Most shockingly, iPhoto 6 still forces you to title photos and film rolls by typing in the Title field of the Info pane or panel. I’ve been incredulous for years that the iPhoto team seems incapable of learning from the Finder that it would be far more obvious and easier if you could double-click the title of the photo or film roll as showing, and rename it in place, just like in the Finder and everywhere else in the Macintosh interface.

I also remain surprised that no one within Apple has seen fit to make iPhoto more powerful than the Image Capture utility that ships with Mac OS X, at least when it comes to importing only a select set of photos from a camera, rather than all of them at once. Image Capture has had selective import since the early days of Mac OS X, so why is it that iPhoto, after five years, has been incapable of mimicking this obvious feature? (And while we’re on the topic of Image Capture, wouldn’t it make sense to enable iPhoto to control the "hot plug action" preference that launches a particular program when a camera is plugged in, rather than forcing people to hunt around for Image Capture to change it?)
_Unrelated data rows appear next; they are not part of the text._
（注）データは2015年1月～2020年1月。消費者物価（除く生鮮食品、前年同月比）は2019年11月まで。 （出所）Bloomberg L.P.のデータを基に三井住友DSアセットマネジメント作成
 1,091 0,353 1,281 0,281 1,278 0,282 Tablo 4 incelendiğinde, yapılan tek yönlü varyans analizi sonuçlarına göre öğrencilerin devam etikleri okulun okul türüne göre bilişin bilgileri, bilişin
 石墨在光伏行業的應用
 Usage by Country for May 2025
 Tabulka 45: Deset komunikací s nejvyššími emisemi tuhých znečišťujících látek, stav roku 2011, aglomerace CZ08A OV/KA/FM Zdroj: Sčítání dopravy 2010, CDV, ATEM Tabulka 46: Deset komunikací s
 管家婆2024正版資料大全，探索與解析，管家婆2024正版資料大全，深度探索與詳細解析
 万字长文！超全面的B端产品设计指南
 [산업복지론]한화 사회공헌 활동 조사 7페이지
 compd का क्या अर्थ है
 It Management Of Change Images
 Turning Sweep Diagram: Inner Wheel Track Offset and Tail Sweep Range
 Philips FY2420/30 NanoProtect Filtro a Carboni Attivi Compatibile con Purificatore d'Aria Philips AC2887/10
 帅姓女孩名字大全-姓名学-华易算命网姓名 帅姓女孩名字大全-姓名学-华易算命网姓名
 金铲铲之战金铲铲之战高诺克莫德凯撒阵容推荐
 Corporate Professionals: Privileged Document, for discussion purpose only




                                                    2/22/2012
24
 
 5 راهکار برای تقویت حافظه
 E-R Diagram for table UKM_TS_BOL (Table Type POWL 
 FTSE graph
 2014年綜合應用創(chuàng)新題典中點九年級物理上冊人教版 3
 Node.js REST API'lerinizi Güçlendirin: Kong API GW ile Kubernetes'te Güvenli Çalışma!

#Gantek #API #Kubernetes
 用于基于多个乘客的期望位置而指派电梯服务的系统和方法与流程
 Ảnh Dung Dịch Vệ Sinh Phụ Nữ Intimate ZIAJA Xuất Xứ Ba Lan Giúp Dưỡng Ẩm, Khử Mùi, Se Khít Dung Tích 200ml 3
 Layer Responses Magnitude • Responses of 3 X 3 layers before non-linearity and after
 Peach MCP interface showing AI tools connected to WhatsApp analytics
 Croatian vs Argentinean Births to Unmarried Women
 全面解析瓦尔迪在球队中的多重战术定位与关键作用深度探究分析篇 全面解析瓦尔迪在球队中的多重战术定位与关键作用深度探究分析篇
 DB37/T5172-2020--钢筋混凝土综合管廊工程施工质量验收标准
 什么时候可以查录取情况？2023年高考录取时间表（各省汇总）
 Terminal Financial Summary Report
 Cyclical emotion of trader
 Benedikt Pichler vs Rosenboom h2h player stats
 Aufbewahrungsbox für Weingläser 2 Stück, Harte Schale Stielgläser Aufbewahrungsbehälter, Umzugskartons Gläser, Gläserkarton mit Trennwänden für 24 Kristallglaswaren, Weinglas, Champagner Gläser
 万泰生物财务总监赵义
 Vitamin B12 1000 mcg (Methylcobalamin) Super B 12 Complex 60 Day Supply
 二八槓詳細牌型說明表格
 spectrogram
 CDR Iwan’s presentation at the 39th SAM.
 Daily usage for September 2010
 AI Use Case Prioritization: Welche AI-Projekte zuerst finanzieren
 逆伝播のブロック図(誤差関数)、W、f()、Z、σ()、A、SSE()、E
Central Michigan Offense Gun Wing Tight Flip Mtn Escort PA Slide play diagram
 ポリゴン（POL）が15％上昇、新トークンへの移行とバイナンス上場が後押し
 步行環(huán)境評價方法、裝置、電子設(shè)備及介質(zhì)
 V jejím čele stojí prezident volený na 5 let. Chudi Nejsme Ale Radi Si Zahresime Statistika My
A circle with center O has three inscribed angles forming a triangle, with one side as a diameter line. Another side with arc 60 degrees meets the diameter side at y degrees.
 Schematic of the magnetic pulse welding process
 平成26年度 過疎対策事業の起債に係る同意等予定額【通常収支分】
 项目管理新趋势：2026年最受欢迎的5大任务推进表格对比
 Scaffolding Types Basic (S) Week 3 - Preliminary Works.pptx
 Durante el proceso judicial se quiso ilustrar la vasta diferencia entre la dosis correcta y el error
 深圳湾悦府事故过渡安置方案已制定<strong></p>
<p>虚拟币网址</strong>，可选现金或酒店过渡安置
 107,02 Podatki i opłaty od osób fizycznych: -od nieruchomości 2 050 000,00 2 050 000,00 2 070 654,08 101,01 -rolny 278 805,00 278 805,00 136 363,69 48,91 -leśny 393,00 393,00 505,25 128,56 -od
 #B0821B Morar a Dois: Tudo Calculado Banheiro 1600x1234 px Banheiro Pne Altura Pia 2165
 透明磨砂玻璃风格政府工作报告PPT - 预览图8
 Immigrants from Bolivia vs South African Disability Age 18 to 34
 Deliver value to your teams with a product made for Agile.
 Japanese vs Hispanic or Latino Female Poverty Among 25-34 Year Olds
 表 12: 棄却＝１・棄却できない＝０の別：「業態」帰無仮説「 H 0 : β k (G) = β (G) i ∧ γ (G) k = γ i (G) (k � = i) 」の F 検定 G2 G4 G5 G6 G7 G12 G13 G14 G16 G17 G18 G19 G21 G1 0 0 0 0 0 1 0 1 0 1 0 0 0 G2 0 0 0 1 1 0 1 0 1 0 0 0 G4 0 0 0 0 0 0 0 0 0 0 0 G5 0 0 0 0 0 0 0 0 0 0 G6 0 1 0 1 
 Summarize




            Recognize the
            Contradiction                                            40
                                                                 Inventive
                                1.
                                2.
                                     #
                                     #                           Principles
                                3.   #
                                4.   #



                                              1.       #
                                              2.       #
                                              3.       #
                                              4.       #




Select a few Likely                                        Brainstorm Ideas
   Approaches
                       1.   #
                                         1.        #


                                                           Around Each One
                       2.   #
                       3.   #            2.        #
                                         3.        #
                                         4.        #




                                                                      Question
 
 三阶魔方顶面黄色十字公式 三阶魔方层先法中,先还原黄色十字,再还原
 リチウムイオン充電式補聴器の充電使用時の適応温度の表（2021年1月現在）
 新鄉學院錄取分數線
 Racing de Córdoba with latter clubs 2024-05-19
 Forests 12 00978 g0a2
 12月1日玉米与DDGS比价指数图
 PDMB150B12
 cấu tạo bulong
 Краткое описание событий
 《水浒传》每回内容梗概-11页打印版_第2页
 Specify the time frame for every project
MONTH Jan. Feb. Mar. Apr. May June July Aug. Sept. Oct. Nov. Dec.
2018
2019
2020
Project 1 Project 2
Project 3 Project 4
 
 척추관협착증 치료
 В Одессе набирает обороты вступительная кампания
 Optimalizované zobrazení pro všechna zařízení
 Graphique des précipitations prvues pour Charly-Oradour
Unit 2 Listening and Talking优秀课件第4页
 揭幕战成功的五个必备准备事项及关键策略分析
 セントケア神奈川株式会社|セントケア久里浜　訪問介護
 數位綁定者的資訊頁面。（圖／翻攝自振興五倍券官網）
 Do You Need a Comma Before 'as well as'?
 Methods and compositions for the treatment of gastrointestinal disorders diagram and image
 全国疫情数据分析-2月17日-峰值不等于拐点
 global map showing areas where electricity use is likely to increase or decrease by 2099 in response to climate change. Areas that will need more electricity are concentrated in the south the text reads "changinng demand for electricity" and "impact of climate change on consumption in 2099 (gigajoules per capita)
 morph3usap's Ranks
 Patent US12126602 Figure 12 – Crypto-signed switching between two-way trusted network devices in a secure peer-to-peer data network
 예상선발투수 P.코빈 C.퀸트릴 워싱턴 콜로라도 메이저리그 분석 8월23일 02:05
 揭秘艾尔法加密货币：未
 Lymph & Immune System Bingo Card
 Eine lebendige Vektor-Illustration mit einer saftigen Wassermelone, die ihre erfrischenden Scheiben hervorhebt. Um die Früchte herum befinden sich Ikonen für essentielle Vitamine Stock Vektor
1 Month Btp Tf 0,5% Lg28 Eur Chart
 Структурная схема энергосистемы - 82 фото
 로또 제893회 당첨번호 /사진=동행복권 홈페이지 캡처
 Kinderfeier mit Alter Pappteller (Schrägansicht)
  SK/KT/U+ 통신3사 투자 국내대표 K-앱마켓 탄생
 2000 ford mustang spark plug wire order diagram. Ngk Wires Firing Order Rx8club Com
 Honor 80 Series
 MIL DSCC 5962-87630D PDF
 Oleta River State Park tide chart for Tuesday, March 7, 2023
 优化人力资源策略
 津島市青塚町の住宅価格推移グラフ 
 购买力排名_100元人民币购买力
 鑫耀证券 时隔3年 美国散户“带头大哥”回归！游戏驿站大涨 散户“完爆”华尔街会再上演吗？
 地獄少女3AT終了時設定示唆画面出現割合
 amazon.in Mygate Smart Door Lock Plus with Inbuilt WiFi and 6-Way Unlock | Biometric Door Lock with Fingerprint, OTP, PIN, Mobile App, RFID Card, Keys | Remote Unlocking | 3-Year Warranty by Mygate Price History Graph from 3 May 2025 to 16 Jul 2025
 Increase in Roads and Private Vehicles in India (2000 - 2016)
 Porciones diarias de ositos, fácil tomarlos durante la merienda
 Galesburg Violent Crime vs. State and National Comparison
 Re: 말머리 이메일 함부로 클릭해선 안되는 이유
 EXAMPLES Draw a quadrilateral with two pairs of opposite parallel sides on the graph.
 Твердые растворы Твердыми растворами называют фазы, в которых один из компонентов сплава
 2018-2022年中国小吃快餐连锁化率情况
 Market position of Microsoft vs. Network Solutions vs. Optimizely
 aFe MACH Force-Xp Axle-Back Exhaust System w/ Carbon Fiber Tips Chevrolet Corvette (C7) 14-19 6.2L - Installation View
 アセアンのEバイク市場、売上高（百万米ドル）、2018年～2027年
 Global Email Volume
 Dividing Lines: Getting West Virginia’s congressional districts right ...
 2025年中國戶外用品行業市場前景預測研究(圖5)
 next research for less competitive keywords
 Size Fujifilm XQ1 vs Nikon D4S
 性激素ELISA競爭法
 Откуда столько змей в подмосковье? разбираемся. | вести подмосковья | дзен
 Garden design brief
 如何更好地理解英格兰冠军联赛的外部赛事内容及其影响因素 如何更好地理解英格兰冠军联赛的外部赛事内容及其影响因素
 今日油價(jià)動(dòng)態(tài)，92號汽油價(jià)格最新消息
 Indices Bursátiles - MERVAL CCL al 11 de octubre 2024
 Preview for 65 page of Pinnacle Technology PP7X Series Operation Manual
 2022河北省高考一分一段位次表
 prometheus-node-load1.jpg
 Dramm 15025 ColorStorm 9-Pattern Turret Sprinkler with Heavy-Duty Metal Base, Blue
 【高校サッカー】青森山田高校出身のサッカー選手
On the positive side, Apple has done away with some truly unnecessary annoyances. Most notable among these is a preference in the Advanced pane of iPhoto’s Preferences window that enables you to import photos into iPhoto from a folder on your hard disk without copying the originals of those photos into the iPhoto Library folder. People have been whinging about the way iPhoto takes over imported photos since iPhoto 1.0, and now, five years later, Apple has finally ceded the point. Arguably, relatively few serious iPhoto users have managed to hold out and maintain a separate folder hierarchy in the Finder for original photos, making the feature a half-hearted concession, but I’m sure some will still appreciate it immensely. One note; although original photos remain in their original folders, modified photos are stored within the iPhoto Library folder’s hierarchy.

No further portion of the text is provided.